Event—Center for Renaissance Studies

2018 Dissertation Seminar for Scholars of the History of the Book in Medieval and Early Modern Europe

Book of Hours, use of Rome, prayerbook of Margaret of Croy. Ca. 1430-1450. Call number: VAULT Case MS 56

Book of Hours, use of Rome, prayerbook of Margaret of Croy. Ca. 1430-1450. Call number: VAULT Case MS 56

Complutensian Polyglot

This seminar will examine the material text in Europe, from the later Middle Ages through the early modern period (1300–1700). We will consider the production and circulation of manuscripts and early printed books, with a broad focus: we will range across descriptive bibliography (i.e. how to describe the physical features of a book) and various theoretical approaches that fall under the broad umbrella of the “History of the Book.” Students will have the opportunity to work in detail with the primary sources at the Newberry, “adopting” both a manuscript and printed text to research and share with your classmates throughout our four meetings. Both of the instructors firmly believe that to be a good medievalist one should know about print, and to be a good early modernist, one should know about manuscripts. The class is intended to appeal to those working in numerous disciplines, from literary studies, to history, to art history, and beyond.
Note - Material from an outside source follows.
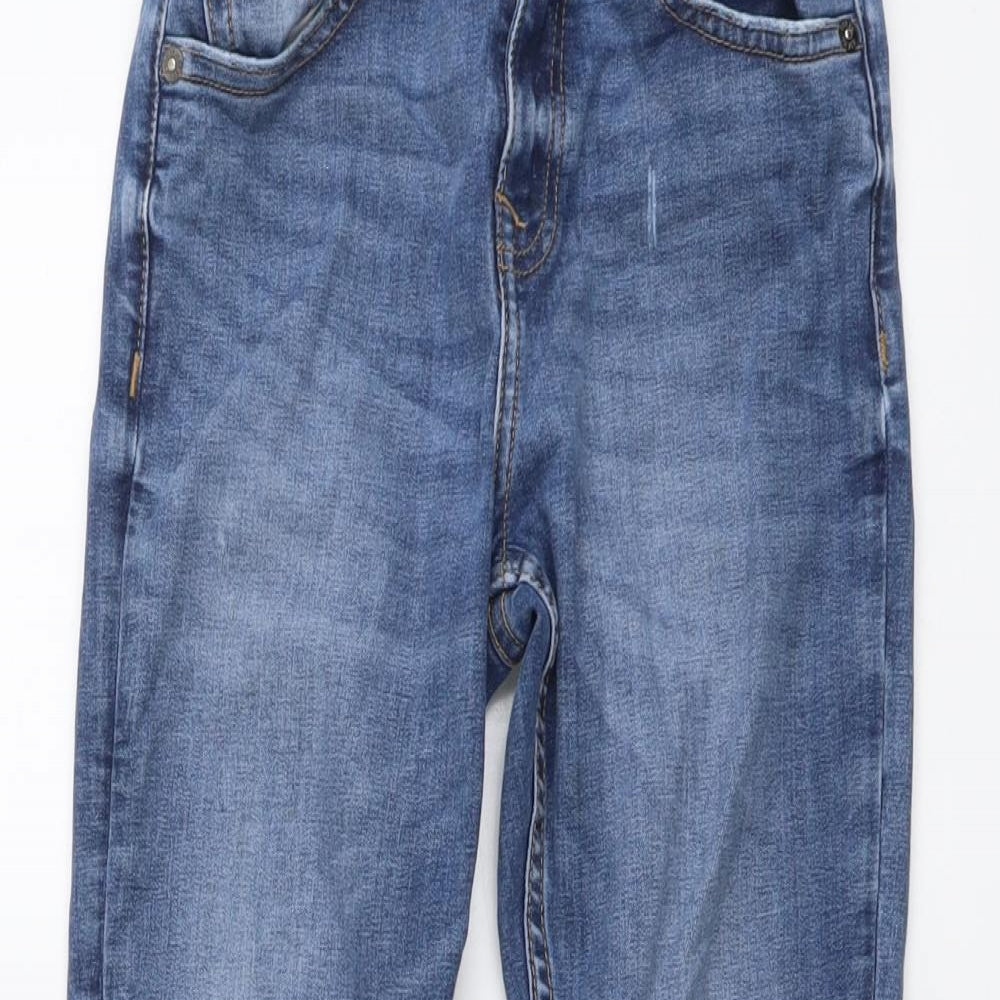 Marks and Spencer Boys Blue Cotton Straight Jeans Size 8-9 Years Regular Button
Class meetings will be tailored to the individual research projects of those enrolled. Our meetings will be divided between three tasks: discussing scholarship on the material text; working with primary materials in the Newberry’s collection that relate to your research; and workshopping drafts of a dissertation chapter related to manuscripts or early print. We aim to help each student have a completed draft of a dissertation chapter by the end of the seminar.

The seminar is limited to 12 participants, but is open to all graduate students in the early stages of their dissertation who have written at least a proposal and/or first chapter. Students need not be ABD.